##### Material provided

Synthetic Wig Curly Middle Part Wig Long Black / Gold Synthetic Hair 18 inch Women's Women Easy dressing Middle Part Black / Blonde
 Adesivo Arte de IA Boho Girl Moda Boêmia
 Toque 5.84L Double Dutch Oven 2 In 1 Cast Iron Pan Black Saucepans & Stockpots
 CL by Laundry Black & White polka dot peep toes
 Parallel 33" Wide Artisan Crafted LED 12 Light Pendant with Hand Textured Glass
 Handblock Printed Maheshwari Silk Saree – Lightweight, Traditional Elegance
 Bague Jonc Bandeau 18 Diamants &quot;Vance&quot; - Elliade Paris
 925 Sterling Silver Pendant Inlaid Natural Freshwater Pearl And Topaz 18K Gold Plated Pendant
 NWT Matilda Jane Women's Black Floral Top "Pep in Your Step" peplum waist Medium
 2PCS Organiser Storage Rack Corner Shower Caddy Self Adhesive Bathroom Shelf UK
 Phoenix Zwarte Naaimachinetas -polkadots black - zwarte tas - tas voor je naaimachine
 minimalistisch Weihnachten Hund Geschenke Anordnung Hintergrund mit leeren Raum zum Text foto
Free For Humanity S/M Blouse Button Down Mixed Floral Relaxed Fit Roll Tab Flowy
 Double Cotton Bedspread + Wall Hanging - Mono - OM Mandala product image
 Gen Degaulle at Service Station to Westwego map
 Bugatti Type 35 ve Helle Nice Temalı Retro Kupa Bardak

##########

Pull out every line in the data above that has the word "Women".

Synthetic Wig Curly Middle Part Wig Long Black / Gold Synthetic Hair 18 inch Women's Women Easy dressing Middle Part Black / Blonde
 NWT Matilda Jane Women's Black Floral Top "Pep in Your Step" peplum waist Medium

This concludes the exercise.